EDIT: “Participants in each category will be ranked based upon total Points with the exception of cities and states, which will be ranked based on total Challenge Points per 1000 residents”
^So in Cleveland a lot of people show up once a month and log a lot of miles, but in Pittsburgh we ride more often accumulating the same mileage but more points. Divide by population and…. We Win!
@marko, it depends on whether you count points or miles. We’re way ahead on points, but Cleveland seems to think the competition is by miles, where they just passed us.
You know, if we really want to win, all we have to do is get Danny Chew to sign up. Does anyone know him well enough? I’d be willing to enter his miles if he doesn’t want to do the computer stuff.

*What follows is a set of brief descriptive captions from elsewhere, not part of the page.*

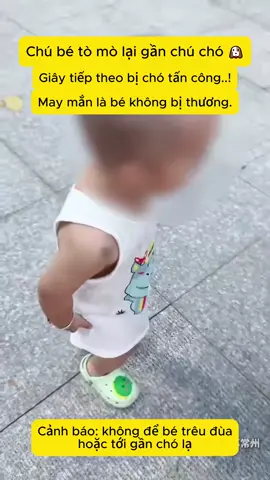 Ba mẹ ơi, đừng lơ là khi con ở gần vật nuôi nhé!😰 #CảnhGiácVớiTrẻ #antoànchobé 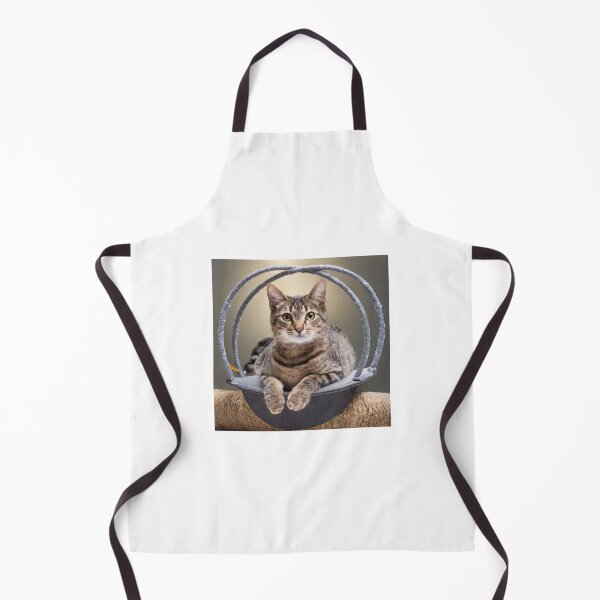 Item preview, Shrodinger 's Cat jump from spacetime box designed and sold by Einsteinshop.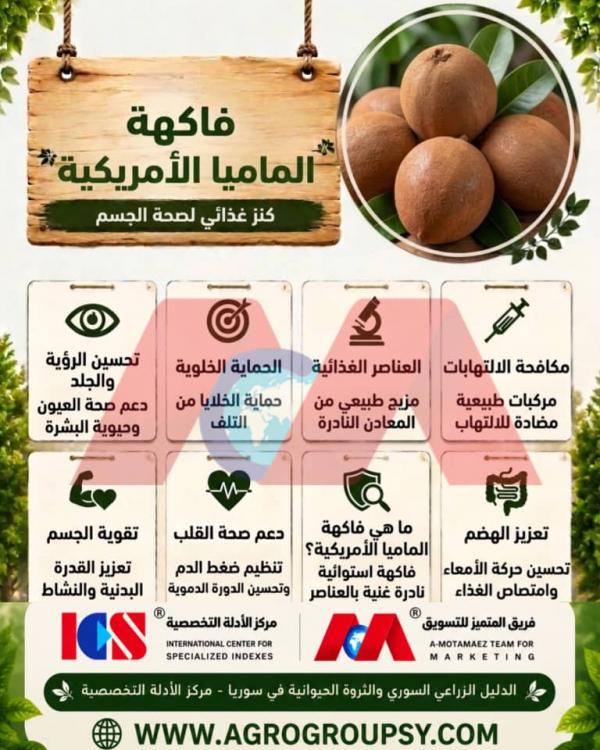 فاكهة الماميا الأمريكية: كنز غذائي استوائي لصحة الجسم والجهاز المناعي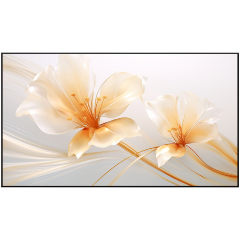 Изображение товара Экран для проектора XGIMI P165S 100"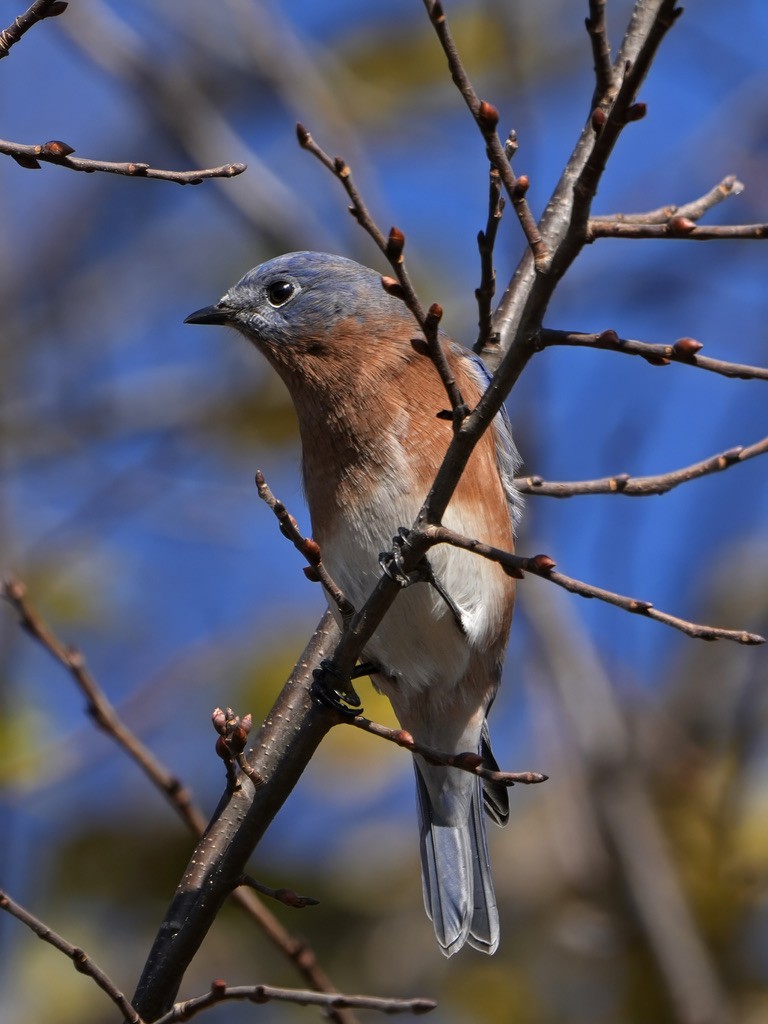 Rotkehl-Hüttensänger - ML644909680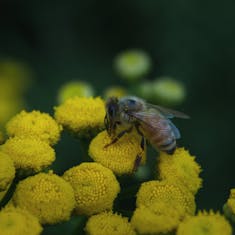 Western Honey Bee (Apis mellifera)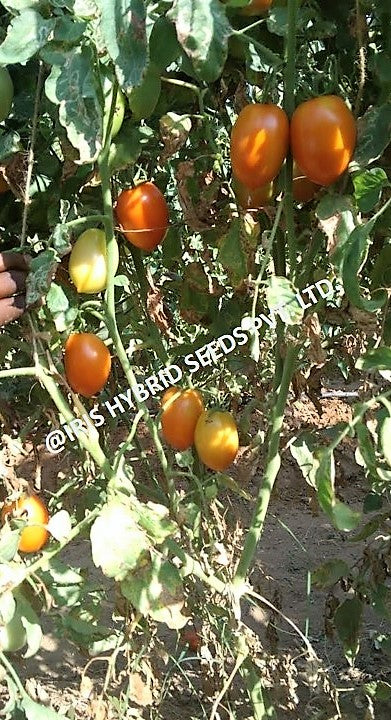 IRIS HYBRID VEGETABLE SEEDS F1 HYBRID TOMATO KESAR IMPROVED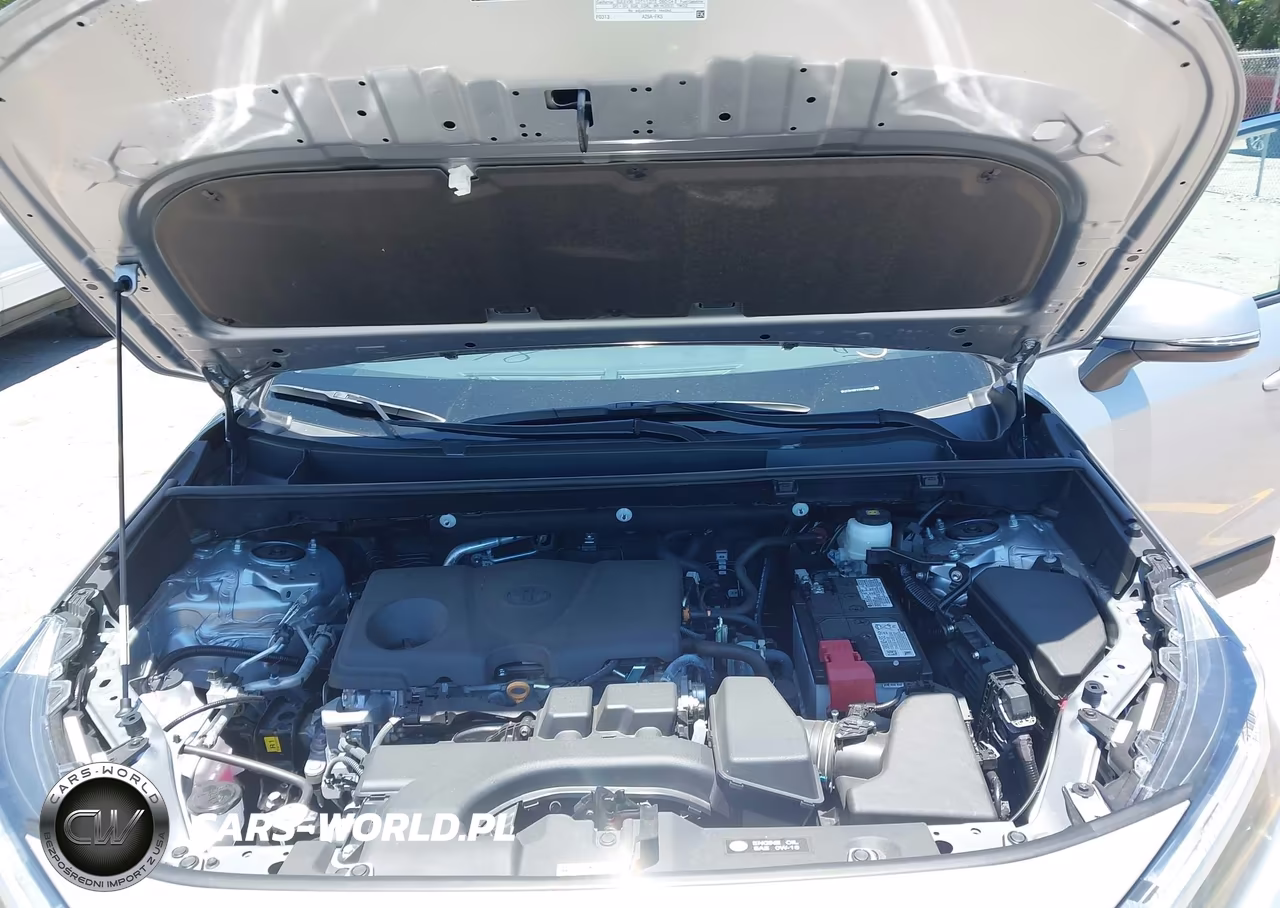2025 Toyota Rav4 Xle VIN:2T3W1RFV1SC345598 - 10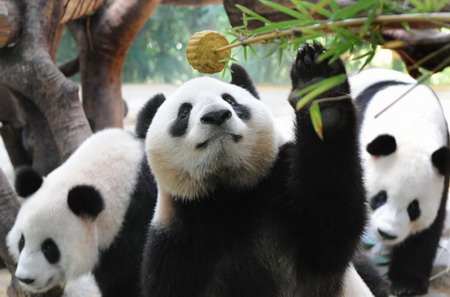 Pandas in Guangzhou celebrate the Mid-Autumn Festival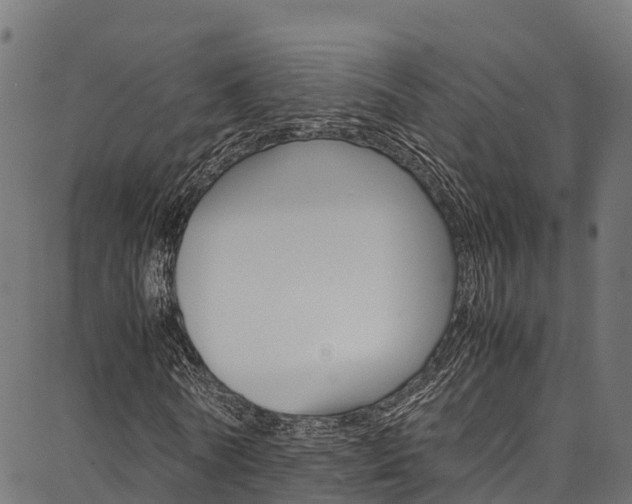 X0000086790770200704130853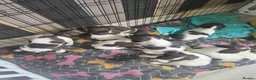 English Springer Spaniel dogs for sale: English springer pups  in Wigan - Advert 8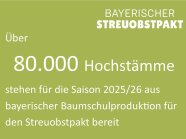 Bayerischer Streuobstpakt: Über 80.000 Hochstämme stehen für die Saison 2025/26 aus bayerischer Baumschulproduktion für den Streuobstpakt bereit.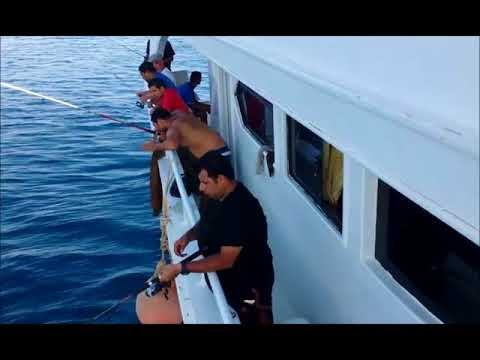 Yate de pesca en el Mar Rojo desde en Ain Sokhna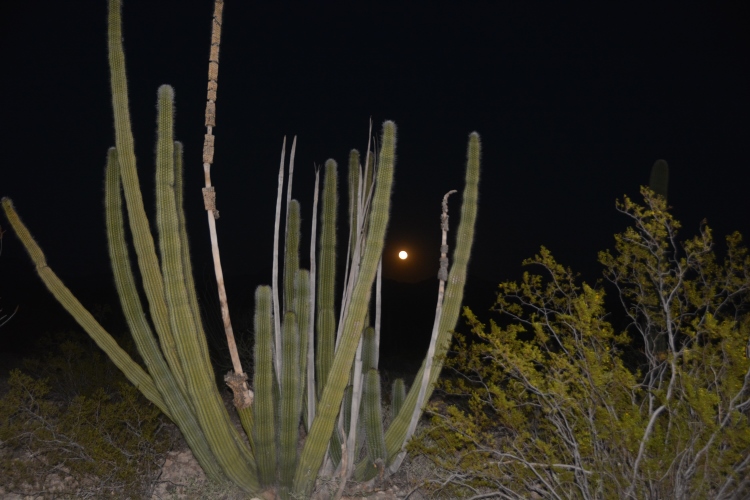 organ cactus at night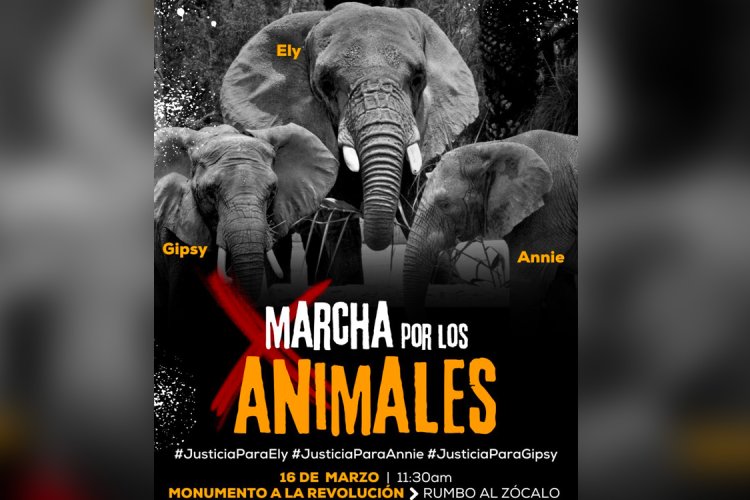 Esta es la ruta de la marcha por los animales en la CDMX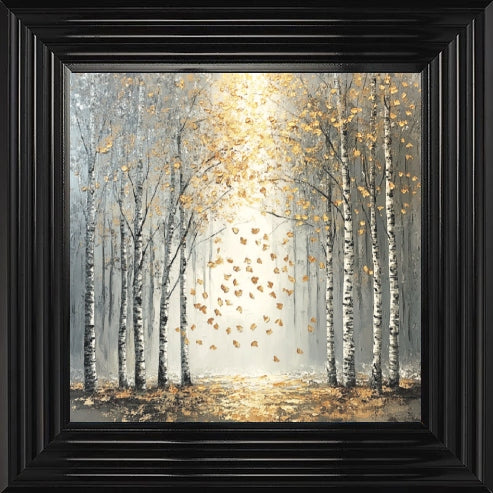 Silver Birch Moody Gold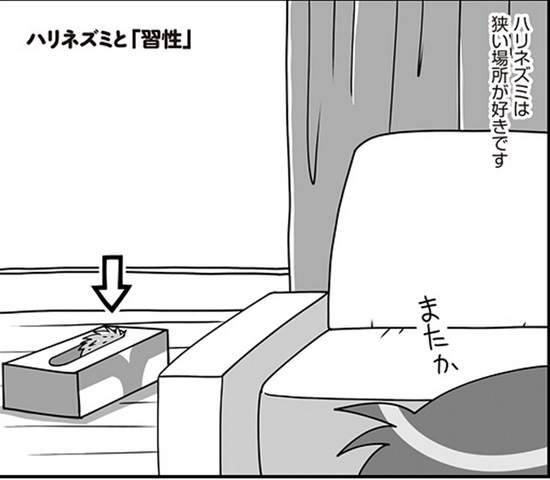 圖片5 圖片5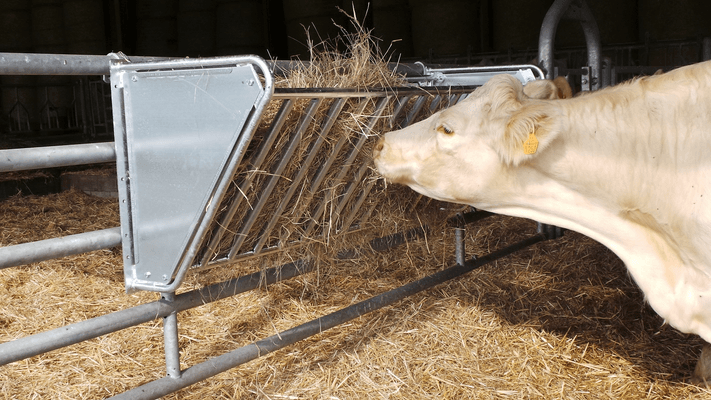 Materiels - Râtelier - PACK DE 6 RATELIERS MODULABLE VACHE L.2M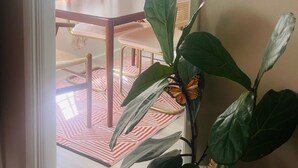 Un espace repas comprenant une table, des chaises, un luminaire suspendu et une plante en pot.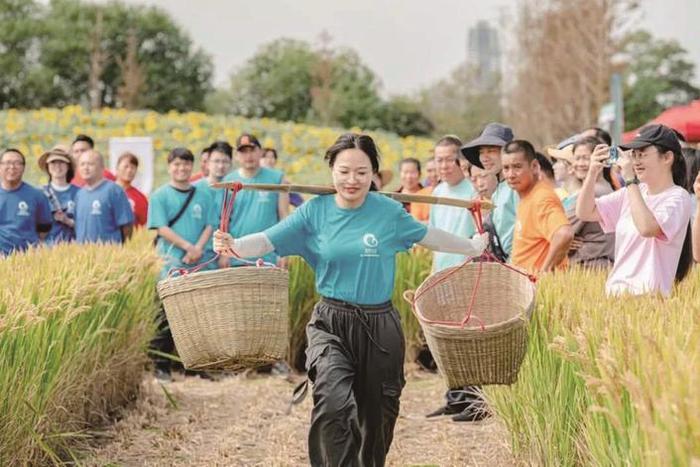 丰收节 读懂耕读文化 ■记者 陈苏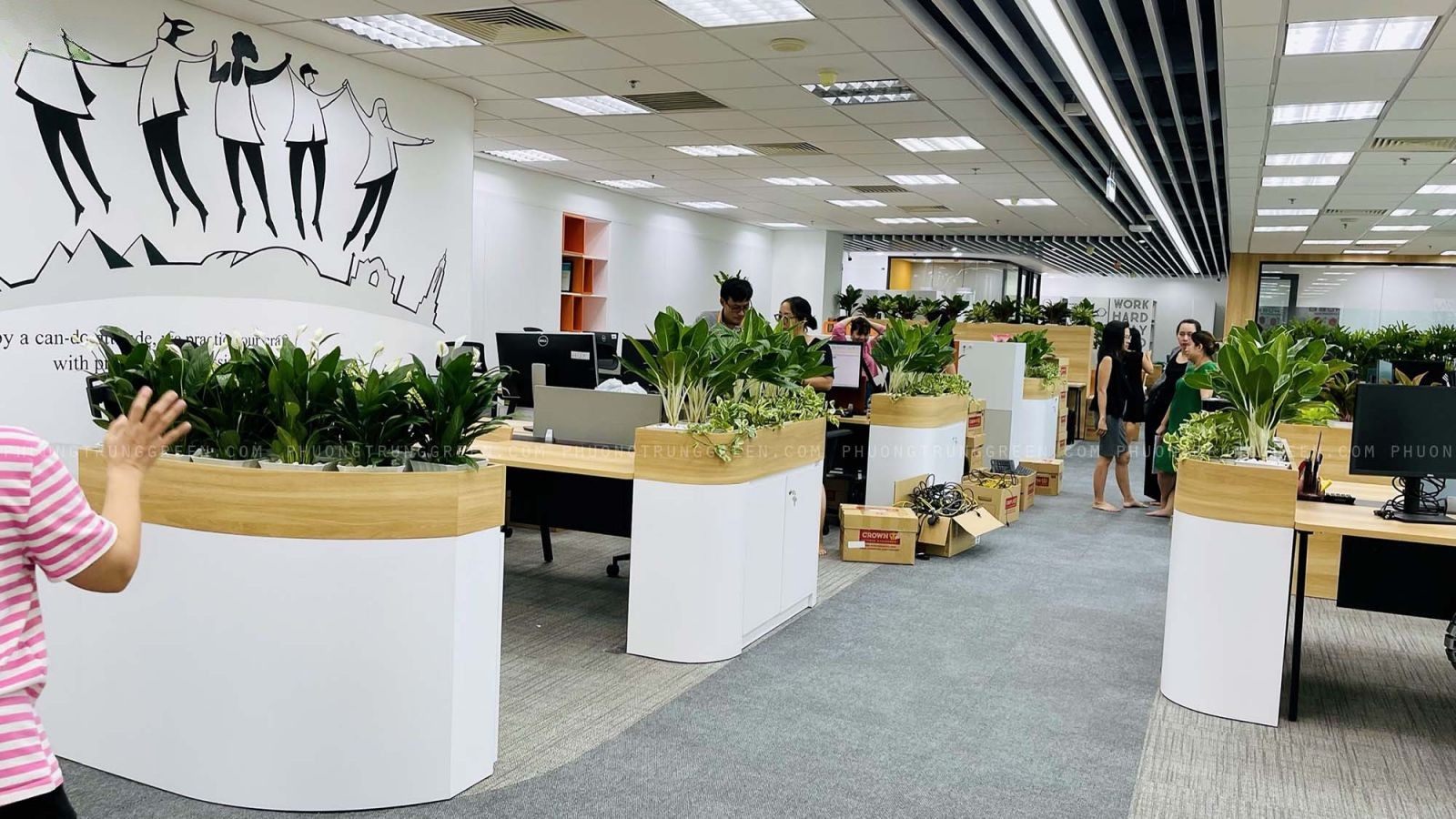 5 Lưu ý cần biết khi thuê cây cảnh văn phòng 5 Lưu ý cần biết khi thuê cây cảnh văn phòng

If I may, pragmatically isn’t it better if Cleveland beats Pittsburgh?
I mean, think about it. If Cleveland “wins”, the Pittsburgh politicos have a shame to overcome. Why isn’t Pittsburgh more bike friendly? What can they do to reverse this bike-gap? How can they bring Pgh up at least to par with “that city”? Maybe they should take action to stop killing cyclists, study to see what Cleveland is doing right, n’at.
Whereas if Pgh wins, then the the politicians don’t see any need to do anything. Hey, we’re advanced enough, we beat Cleveland. No need to change anything.
if anything it is largely pgh riders being slack & not updating their stats.
either they dont care, dont want to bother, etc. if everyone who signed p was logging regularly, this discussion wouldn’t even be happening.